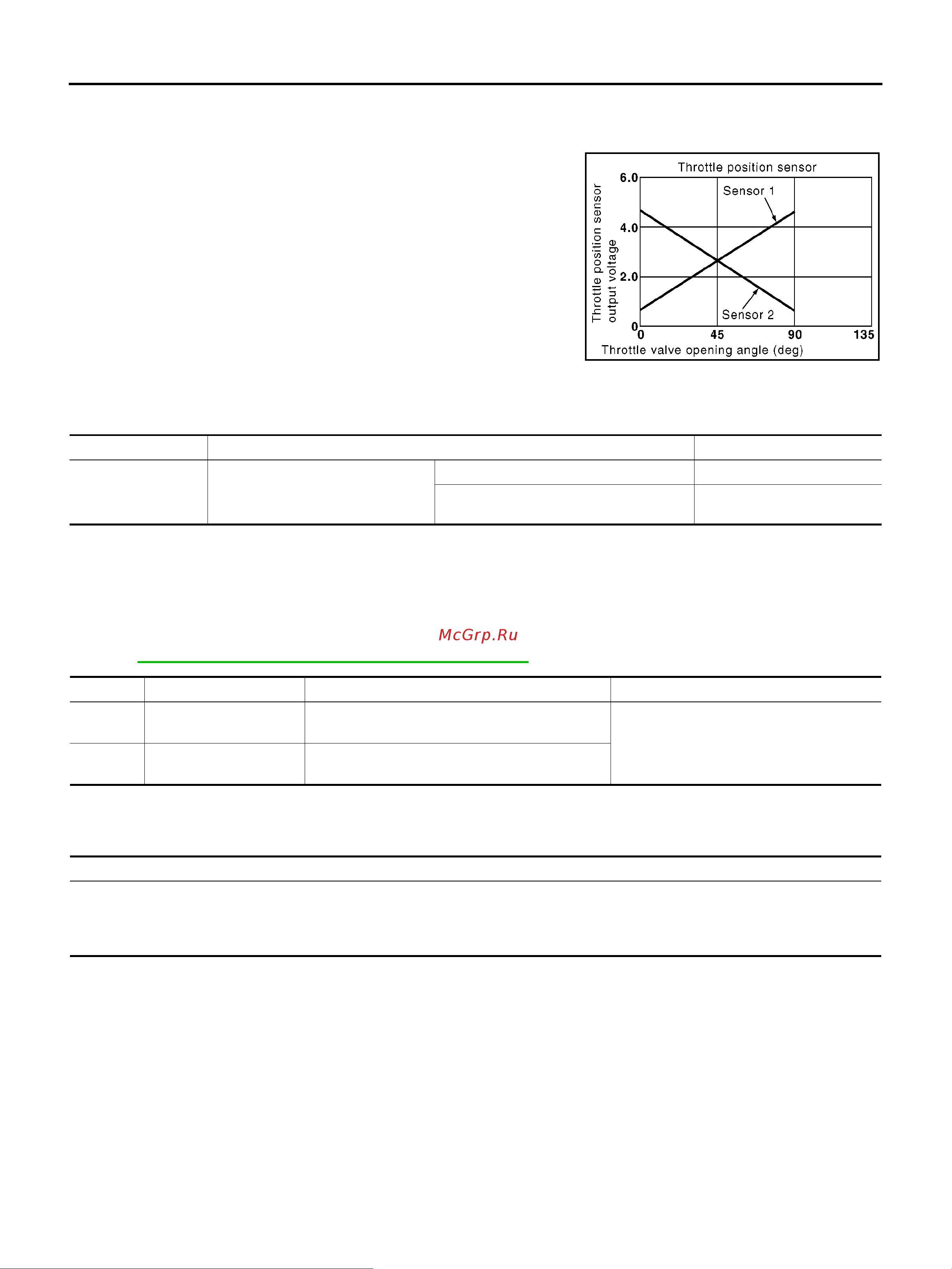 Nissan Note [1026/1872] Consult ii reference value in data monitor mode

--

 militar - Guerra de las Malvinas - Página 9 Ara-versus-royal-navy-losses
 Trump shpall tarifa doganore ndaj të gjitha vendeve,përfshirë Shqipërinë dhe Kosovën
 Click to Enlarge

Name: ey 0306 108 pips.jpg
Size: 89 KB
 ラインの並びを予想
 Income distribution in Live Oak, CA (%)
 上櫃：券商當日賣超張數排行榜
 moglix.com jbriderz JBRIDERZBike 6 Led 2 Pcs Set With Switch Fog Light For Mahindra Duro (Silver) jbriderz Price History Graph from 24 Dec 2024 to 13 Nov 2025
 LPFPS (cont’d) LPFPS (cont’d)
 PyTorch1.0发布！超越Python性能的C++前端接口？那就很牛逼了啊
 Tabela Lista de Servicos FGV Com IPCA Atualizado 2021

==

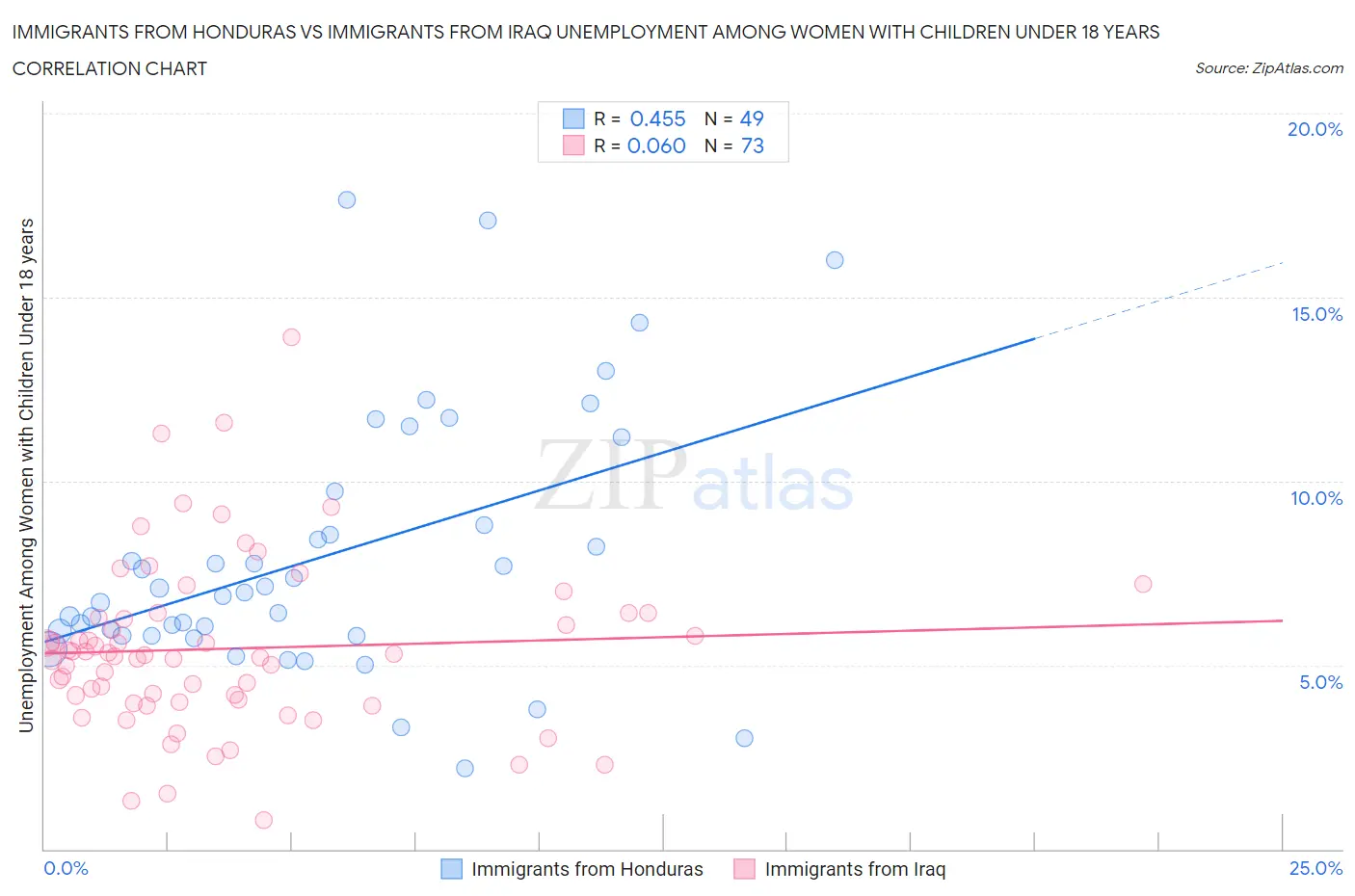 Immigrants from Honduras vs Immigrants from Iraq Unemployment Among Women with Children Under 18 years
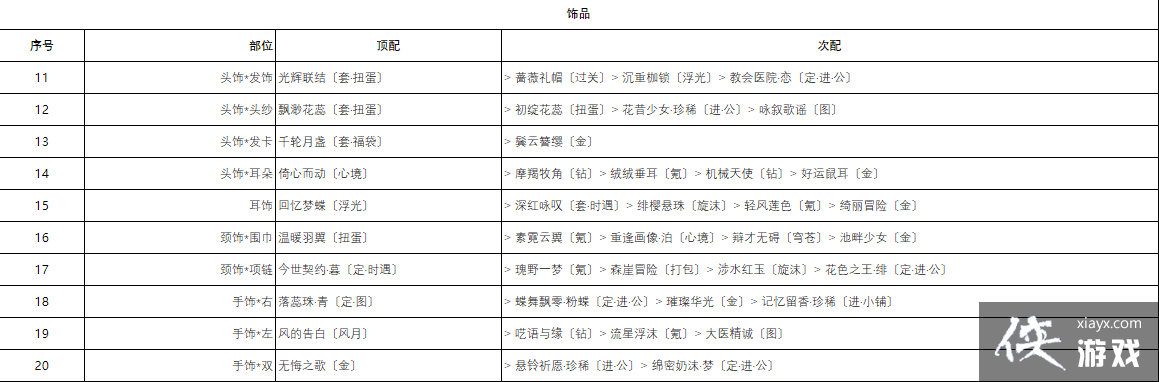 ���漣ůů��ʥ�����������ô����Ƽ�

Assignment: What you return should be exactly the lines above, starting at the one with "PyTorch1.0发布！超越Python性能的C++前端接口？那就很牛逼了啊" and ending at the one with "Tabela Lista de", and nothing else.

Completed exercise:
 PyTorch1.0发布！超越Python性能的C++前端接口？那就很牛逼了啊
 Tabela Lista de Servicos FGV Com IPCA Atualizado 2021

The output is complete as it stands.